#### YOUR OBJECTIVE
Shown below is a listing with pictures; reproduce exactly, and only, the lines between the ones containing "Photo 2 VIN: 5TDKK4CC2AS318250" and "Unga attraktiva glad", inclusive, leaving the pictures out.

#### DATA FOR THIS EXERCISE
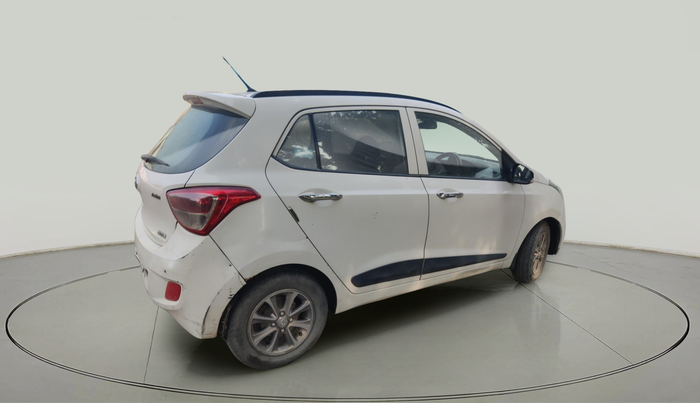 2016 Hyundai Grand i10 ASTA 1.1 CRDI (O), Diesel, Manual, 1,40,002 km, exterior
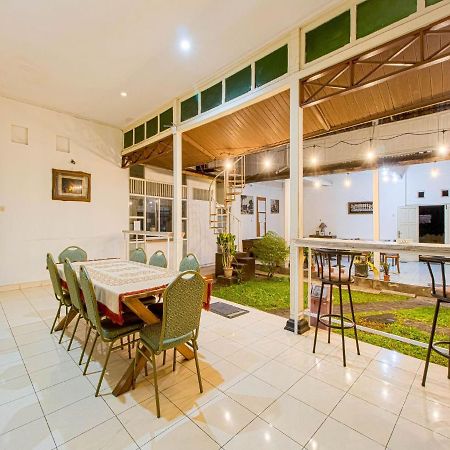יוגיאקרטה D'Talent Hotel מראה חיצוני תמונה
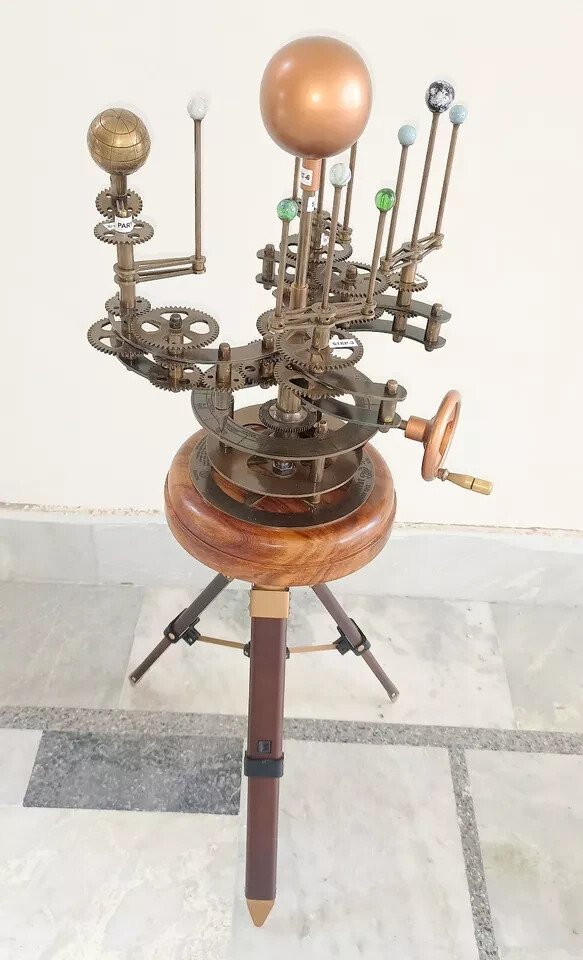 Solar System Celestial Model Fully Functional Antique Look Orrery Saturn Tripod
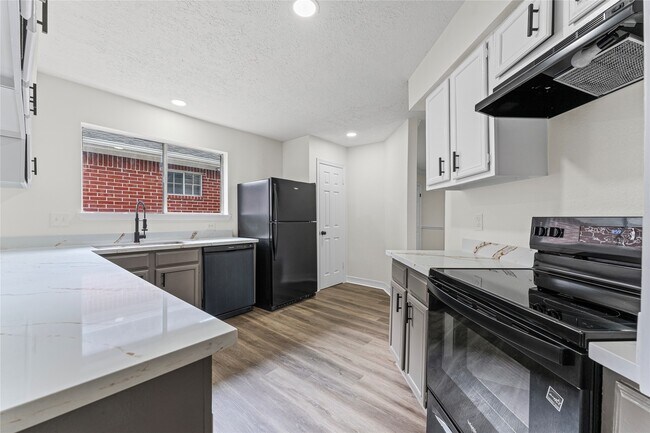 Building Photo - 1506 Leadenhall Cir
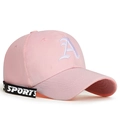 Casquette de baseball rose avec broderie 'A' blanche et détail ruban 'SPORTS' sur fond blanc - Réglable / Rose
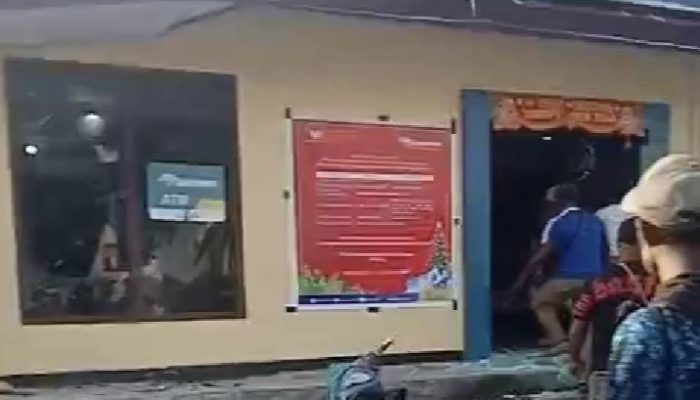 KC Bank Papua di Waropen Dirusak Warga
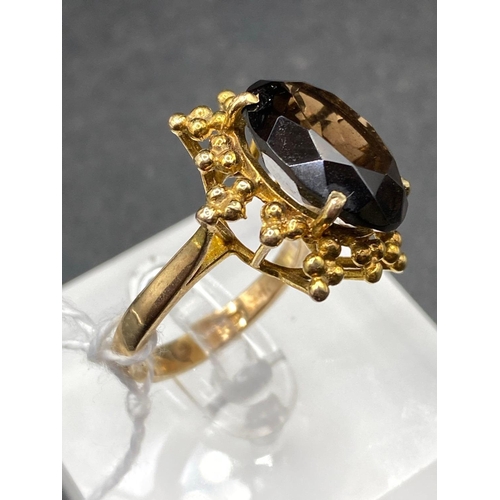 153 - A Large 1940S Smokey Quartz Dress Ring In Fancy Decoration Size M 6.1 Gms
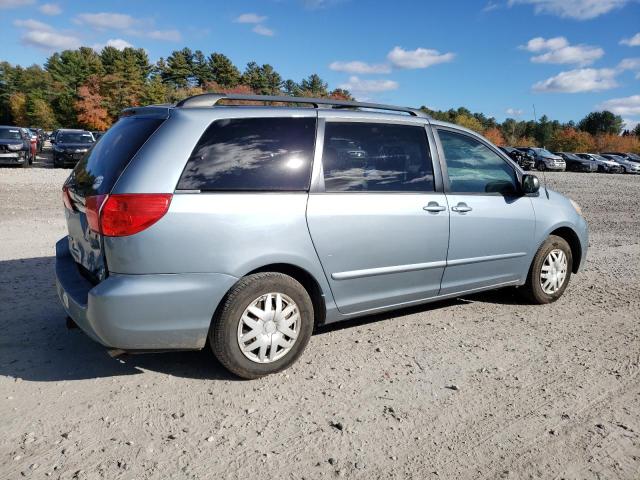 Photo 2 VIN: 5TDKK4CC2AS318250 - TOYOTA SIENNA CE 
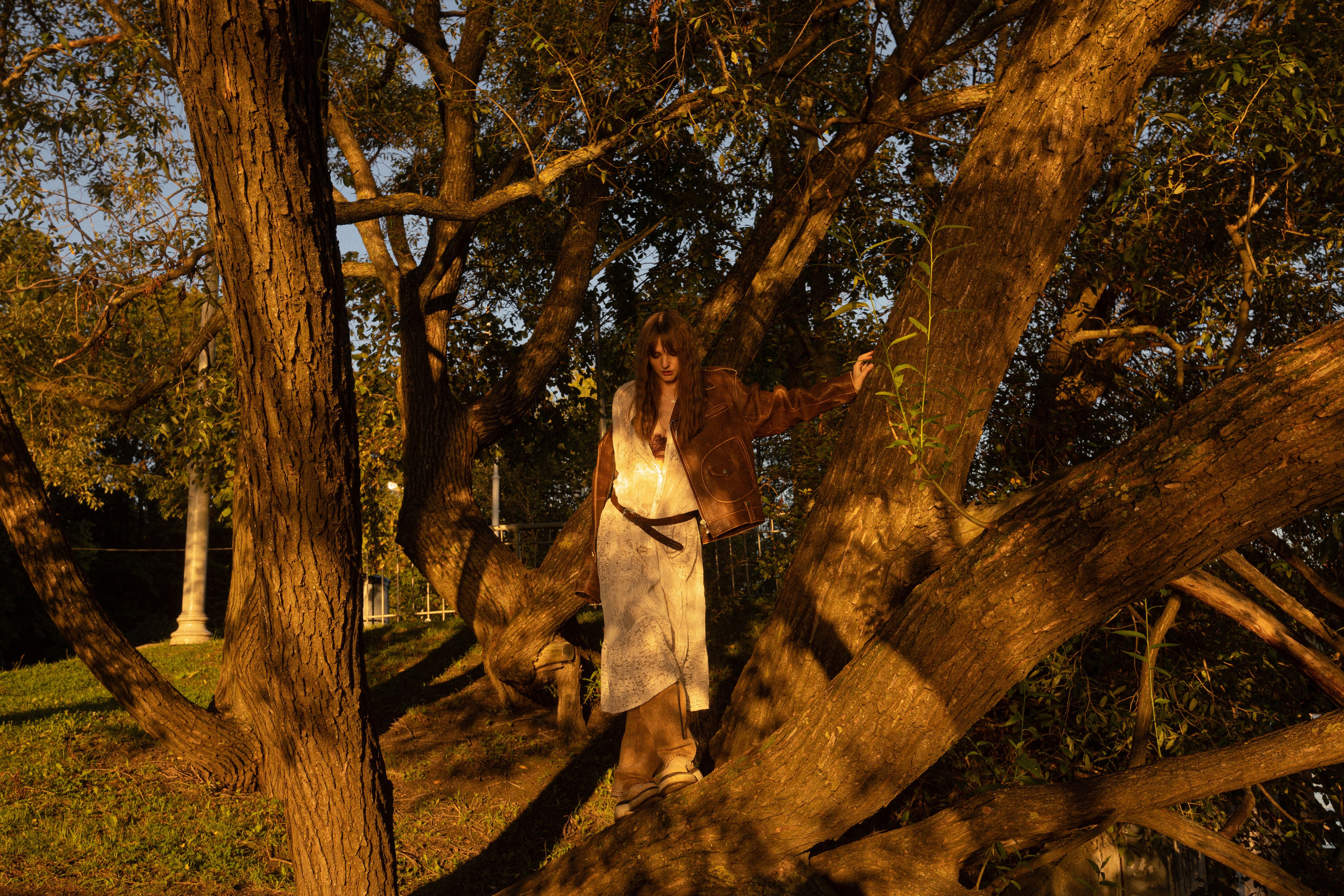 Yana and Nature. Photographer in Tbilisi Saint-Petersburg Worldwide — Elena Golubeva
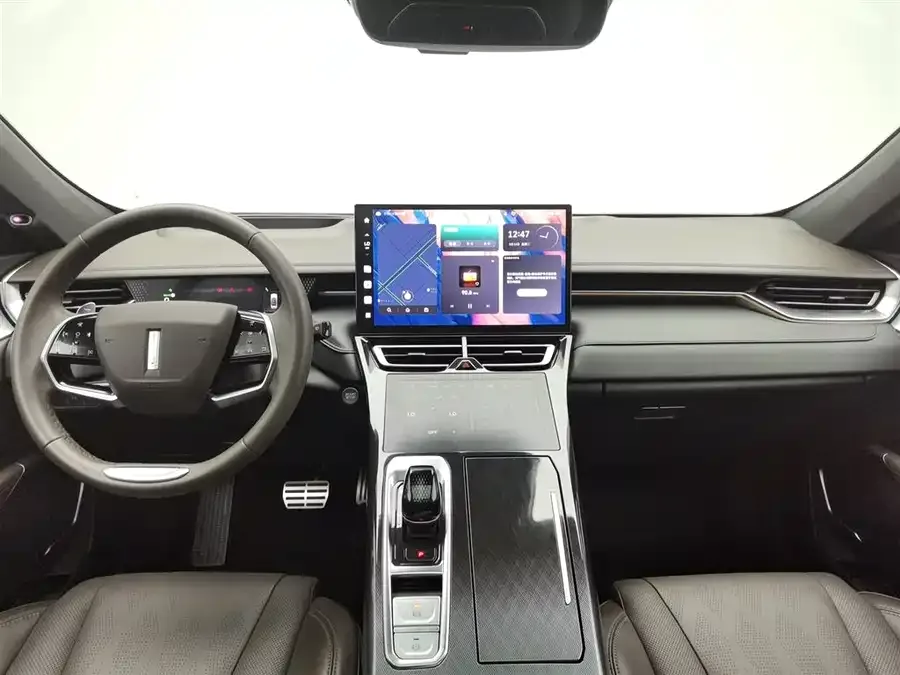 WEY Mocha Wei Mocha 2021 2.0T 2WD Special Edition 2022 — миниатюра 2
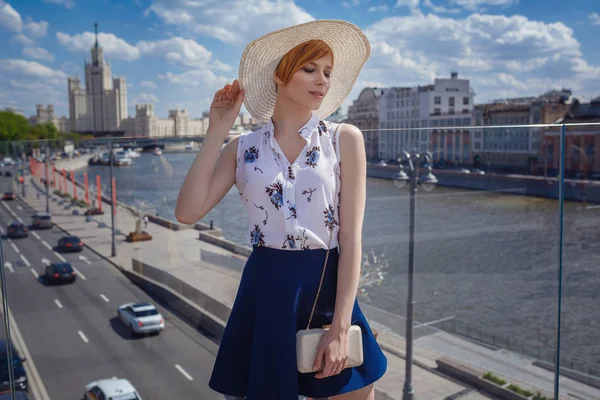 Unga attraktiva glad kvinna promenader i city. — Stockfoto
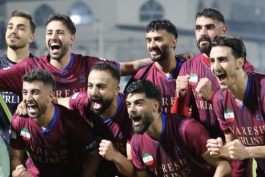 عکس از خوشحالی بازیکنان نساجی پس از پیروزی برابر داماشیان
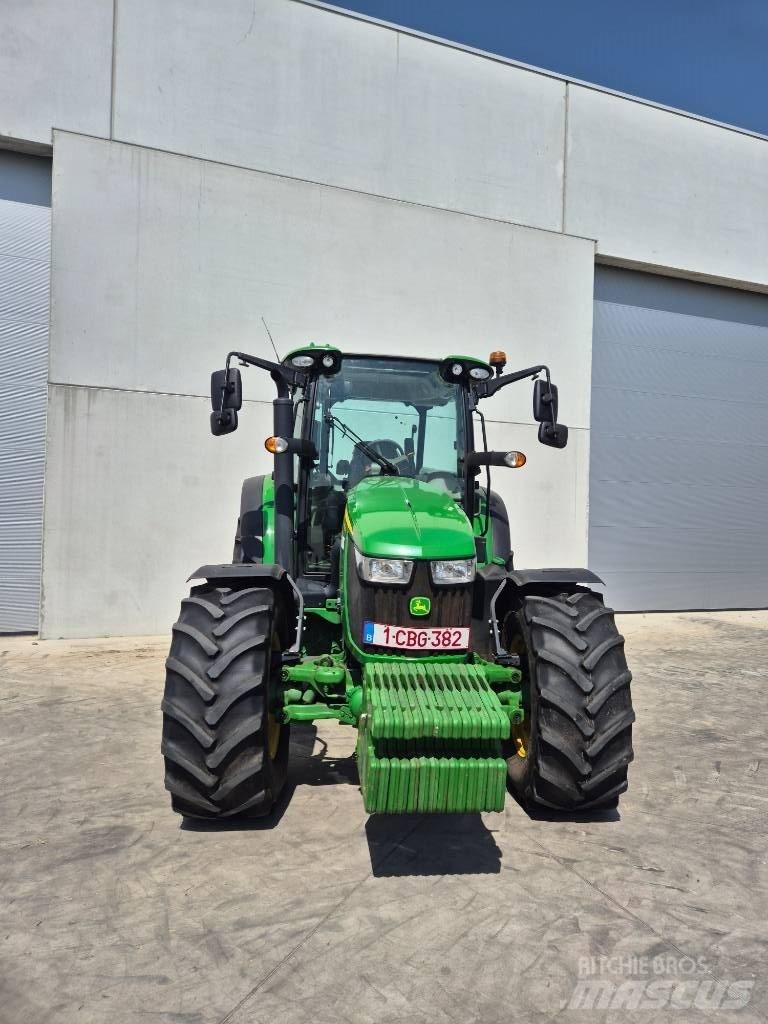 John Deere 5100 R Tractoare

#### SOLUTION FOR THIS PROBLEM
 Photo 2 VIN: 5TDKK4CC2AS318250 - TOYOTA SIENNA CE 
 Yana and Nature. Photographer in Tbilisi Saint-Petersburg Worldwide — Elena Golubeva
 WEY Mocha Wei Mocha 2021 2.0T 2WD Special Edition 2022 — миниатюра 2
 Unga attraktiva glad kvinna promenader i city. — Stockfoto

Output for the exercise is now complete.